# Lab 1: Cache Size

Due Friday, September 4, 1998

Problem 1.
Exercise the Dinero cache simulation tool with some pre-generated address traces. The traces can be found at:
/afs/ece.cmu.edu/class/ece548/www/hw/lab1
There are three traces as follows. Because these traces are a bit large, you may want to use them from where they are by logically linking to them rather than copying them to your local directory.

File Name Size(bytes)
a.din 14417700
b.din 14417700
c.din 14417700

The traces capture data accesses made from a program run (instruction accesses were ignored, as were any memory accesses from the main() procedure). They are already in a format suitable for being fed directly into dinero and contain 32-bit trace information (so they can be correctly processed by Dinero running on any 32-bit Unix platform). The three traces are data accesses performed by the three toy benchmark programs (but, at this point we're not telling you which trace is for which program):

Note: for any short-answer questions, it shouldn't take more than about 50 words to answer the question; long essays are neither required nor desired at any time in this course unless specifically asked for.

1. For each trace, run Dinero using the following parameters for a variety of cache sizes:
• "Block" size (really "sector size" in our terminology) 4 bytes
• Unified cache (doesn't really matter, since we're only looking at data accesses)
• All other parameters to default
Perform simulation runs for cache sizes varying by a factor of two: 256 bytes, 512 bytes, 1K bytes, and so on up to and including 1M byte (1048576 bytes). List the miss rates for each run in a table by cache size and trace name.
2. Take the Dinero results and plot all three curves in a single graph. Place miss rate on a linear Y axis and cache size on a logarithmic X axis. (Note: freehand-sketched graphs are not acceptable; either use graph paper or use graphing software).
3. Which trace goes with which program? Back up each pairing with a short reason. The answers should be based on reasoning about program behavior with respect to cache memory. Basing your answer on a simulation result that you perform yourself is not acceptable; neither is justifying the third pairing by process of elimination.
4. For the given parameters for each trace, what is the minimum size to make the cache to capture essentially all of the locality and achieve a low miss rate? (Provide three distinct answers, one for each trace.) Back up each answer with a short reason.

Problem 2:
Experimentally determine the size of first-level cache on two Unix platforms (one platform being the course Alphastations and one that does not have an Alpha CPU). A starting point for your experiment can be found at cachsize.c Be sure to compile all your programs with the C compiler optimization turned on!

This program sequentially reads all the elements from a data array. It does this in two places -- first to pre-load the array into cache to eliminate any compulsory misses. Second it reads the data in a timed loop that repeatedly accesses the array to determine what the sustained access speed to the array will be (presumably faster if the array is small enough to be completely resident in cache). The number of times the array is read is scaled according to the array size to keep the total number of memory accesses relatively constant no matter what the array size. Thus, the relevant results are in MBytes/second read, not the actual execution time.

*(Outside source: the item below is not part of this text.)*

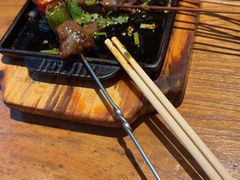 -聚点串吧·北京烧烤(朝北店)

You will need to modify the program so that the timed loop takes approximately 10 seconds of execution time so that the experimental noise from the timer quantization is low. (Anything between 10 and 100 seconds is fine.) Your best bet is to use or modify the loop limit tuning mechanism used in the example; querying the timer each time through the loop will disturb data cache contents.

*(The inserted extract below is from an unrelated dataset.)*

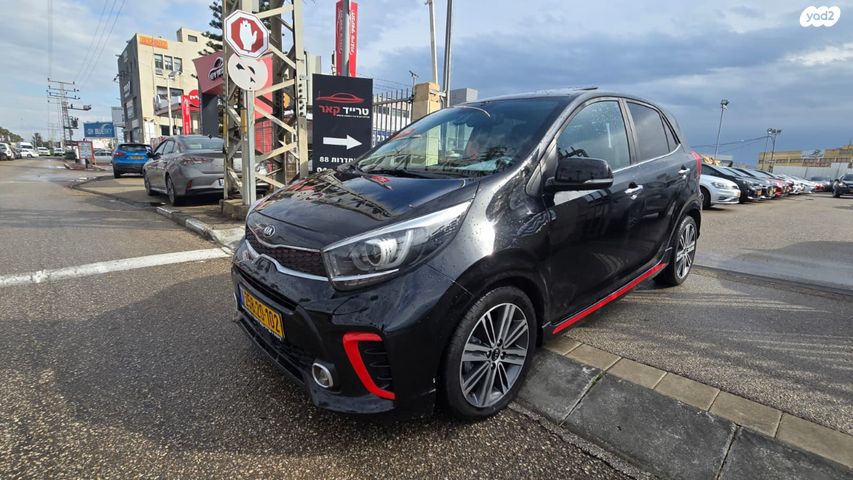 מודעת רכב קיה פיקנטו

Compile your modified program and obtain times for array sizes in 1 KB increments from 1 KB to 40 KB. (On some machines you may need to go higher; if so you can use a larger spread between data points; use your judgement but take data up to approximately 2.5 times the L1 cache size). Repeat the below steps for both machines; you may plot two curves on the same graph as long as they are color-coded or otherwise obviously distinguishable.

1. Plot the results on a graph with bytes/sec on a linear Y axis and array size on a linear X axis. Include machine information in the graph title (CPU model if you can tell, otherwise machine make/model and the machine hostname). Also annotate the graph with the C compiler name and flags you used.
2. Draw an arrow to the graph feature that indicates the Level-1 cache size on your machine. What is the L1 cache size?
3. There should be 3 different "regions" of performance in your graph. Label the regions of: nearly 100% L1 cache hits; some hits+some misses; maximal number of misses (it won't be 100% misses because of spatial locality for block size > integer size).
4. What was the widest possible span that you would expect for the "some hits+some misses" region? In round numbers, what fraction of this width did your experimental data take up (e.g., all of it, one third of it). Will discuss in a later class why it might not take up the entire maximum possible width.

If you don't have access to a second workstation type, log in to: unix.andrew.cmu.edu with the I.D. of butler and obtain a list of idle Andrew workstations.